4 Tasting Notes
American Classic Black Tea from Charleston Tea Plantation is a real (Lipton style) black tea with flavor and body, nice without anything else added. It steeps in 2 – 3 minutes and never fails to please. The plantation is stunning, beautiful but management and financial difficulties prevent its full operation. http://south-carolina-plantations.com/charleston/charleston-tea.html
Preparation
Island Green tea from Charleston Tea Plantation is an innocent, low-processed green tea. If you like strong, bracing tea, this will taste like grass cuttings. So steep one tea bag per tea cup for at least 5 minutes.
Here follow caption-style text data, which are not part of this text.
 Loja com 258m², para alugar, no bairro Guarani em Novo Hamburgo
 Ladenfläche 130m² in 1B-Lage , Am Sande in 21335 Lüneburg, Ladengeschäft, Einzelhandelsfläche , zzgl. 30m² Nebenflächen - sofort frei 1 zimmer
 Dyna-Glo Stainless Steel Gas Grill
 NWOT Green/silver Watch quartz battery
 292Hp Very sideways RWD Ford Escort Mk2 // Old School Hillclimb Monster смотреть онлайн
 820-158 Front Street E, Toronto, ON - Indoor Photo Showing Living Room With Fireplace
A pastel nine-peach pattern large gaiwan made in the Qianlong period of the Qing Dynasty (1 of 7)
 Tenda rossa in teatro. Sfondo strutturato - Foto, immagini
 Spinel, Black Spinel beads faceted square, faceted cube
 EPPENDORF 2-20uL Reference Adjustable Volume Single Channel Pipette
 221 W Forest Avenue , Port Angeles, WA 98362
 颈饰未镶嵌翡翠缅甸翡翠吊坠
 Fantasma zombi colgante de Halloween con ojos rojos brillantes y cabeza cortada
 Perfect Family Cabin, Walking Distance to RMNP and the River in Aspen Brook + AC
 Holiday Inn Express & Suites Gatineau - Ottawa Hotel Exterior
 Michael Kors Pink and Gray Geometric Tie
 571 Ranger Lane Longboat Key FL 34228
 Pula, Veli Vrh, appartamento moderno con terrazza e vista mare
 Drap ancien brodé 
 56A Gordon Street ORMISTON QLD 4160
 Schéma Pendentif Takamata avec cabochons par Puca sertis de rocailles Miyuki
It is fresh, clean, light, like a Stephen Foster song about the old South that drifts through the air. It comes in little cloth pouches that resemble ladies’ hosiery. We have things to learn from the Chinese and Indians before the tea will become popular. Apparently the variable climate of South Carolina makes growing the tea a challenge. The plantation is a nice tourist attraction, but I prefer their black tea to this innocent green.
Preparation
Oolong teas are like cousins. They may have the same name but each offers a different pleasure. The taste can range from clear, bright and flowery to heavy and charcoal-flavored depending upon their origin and processing. Oolong teas are withered in the sun, partially fermented, and sold as loose leaves or curled and rolled into small balls called “gunpowder.” The degree of fermentation varies between 8% and 85% which gives “Formosa oolong teas” a large range of aromatic varieties from a sweet and fruity honey aroma to a green / fresh bouquet flavor. Oolong #17 from Siamteas.com is light, fragrant yet very satisfying. You might enjoy it before meditation for clarity of vision while reducing stress, a cool fresh evening on a high mountain.
Preparation
This clear, pale oolong is a new taste experience for me–delightfully light, fresh, flowery, and uplifting, not my usual bitter and bracing Twinings gunpowder green tea I normally use to jolt myself awake each morning. This #17 oolong from the mountains of northern Thailand is more like a morning walk through a spring garden.